A Whisper

HE WENT LEFT. He didn’t know why. Left just felt better than right. Instinct. And left was better, because he recognized the next street he came to, with its bigger detached houses and sky-high trees. It was where the Primm twins lived, but that’s not how Barney knew it. He knew it

because it was a street he had been on many times in his life. Because it was on the way to Blandford Library. Where his mum worked.

Where his mum was working right now.

He would go there.

Yes.

He would go there and make his mum understand.

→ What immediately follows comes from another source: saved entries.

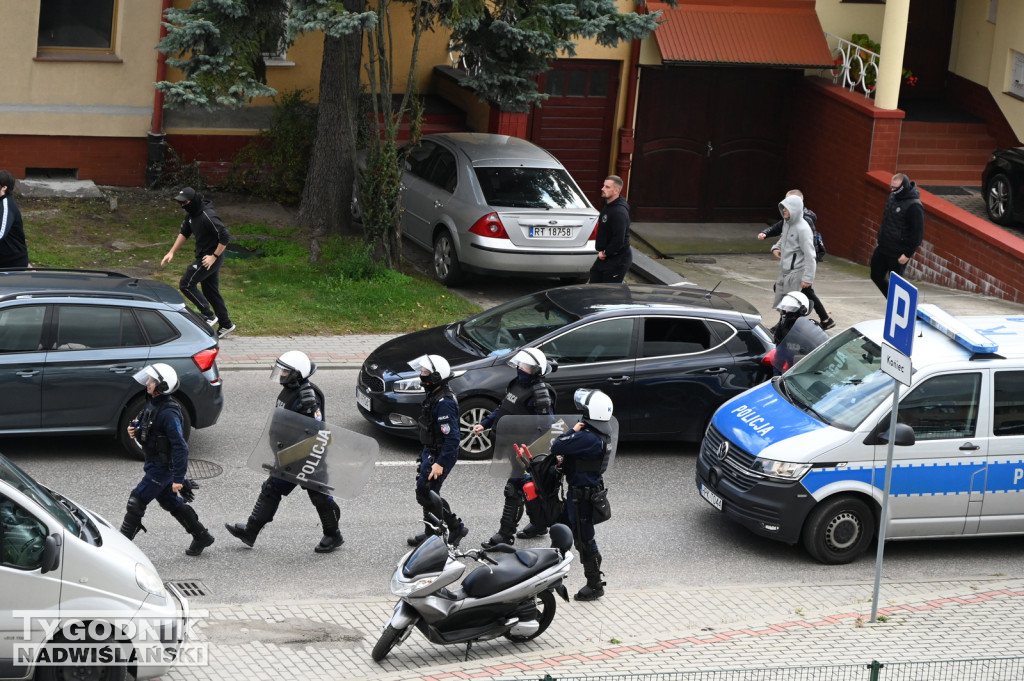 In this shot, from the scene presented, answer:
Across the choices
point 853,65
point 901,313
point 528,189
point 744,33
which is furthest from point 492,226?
point 901,313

Somehow he would tell her the truth.

Her son was now a cat.

A cat, whom Miss Whipmire, along with half the swipers in Blandford, wanted dead.

Oh, and his dad was alive.

Yes, that really would take quite a bit of explaining.

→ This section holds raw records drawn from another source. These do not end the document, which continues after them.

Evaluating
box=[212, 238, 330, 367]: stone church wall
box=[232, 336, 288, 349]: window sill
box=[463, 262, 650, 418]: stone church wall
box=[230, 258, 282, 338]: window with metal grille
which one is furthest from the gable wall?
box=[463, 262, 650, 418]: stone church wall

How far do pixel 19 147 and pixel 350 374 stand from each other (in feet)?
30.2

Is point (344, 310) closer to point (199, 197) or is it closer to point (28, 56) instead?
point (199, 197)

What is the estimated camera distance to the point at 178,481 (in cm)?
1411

A giant human appeared miles in front of Barney. It was one of his mum’s friends taking out heavy shopping bags from the boot of her car.

Claire! he shouted. Claire! Claire! Claire!

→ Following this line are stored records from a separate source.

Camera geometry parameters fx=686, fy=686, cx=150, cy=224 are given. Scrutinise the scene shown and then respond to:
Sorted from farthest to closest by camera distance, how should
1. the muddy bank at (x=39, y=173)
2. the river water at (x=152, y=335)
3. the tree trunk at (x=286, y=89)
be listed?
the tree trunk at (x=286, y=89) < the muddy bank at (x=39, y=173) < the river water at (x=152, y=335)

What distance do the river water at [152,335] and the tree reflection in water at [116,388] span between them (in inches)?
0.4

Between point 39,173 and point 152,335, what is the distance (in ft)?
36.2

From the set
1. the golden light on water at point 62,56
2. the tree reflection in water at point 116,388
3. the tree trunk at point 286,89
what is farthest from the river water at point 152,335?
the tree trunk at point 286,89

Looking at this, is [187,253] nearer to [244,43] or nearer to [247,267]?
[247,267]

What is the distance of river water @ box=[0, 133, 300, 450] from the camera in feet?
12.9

He stood at her ankles. Miaowing. Worth a shot, he thought. After all, Miss Whipmire won’t be the only former cat around here …

But it was no good.

Claire didn’t even look down as she crossed his path, nearly knocking him out with one of her bags as it swung boiler-sized tins of beans at his head.

Barney kept going, feeling very small indeed.

Walking down the road towards the library was like being in the depths of a valley, with enormous parked cars on one side of him and houses on the other. These houses, like all the houses in Blandford, were suddenly bigger than skyscrapers. It was weird. These were the streets he knew better than any other in the world, yet it might as well have been another planet.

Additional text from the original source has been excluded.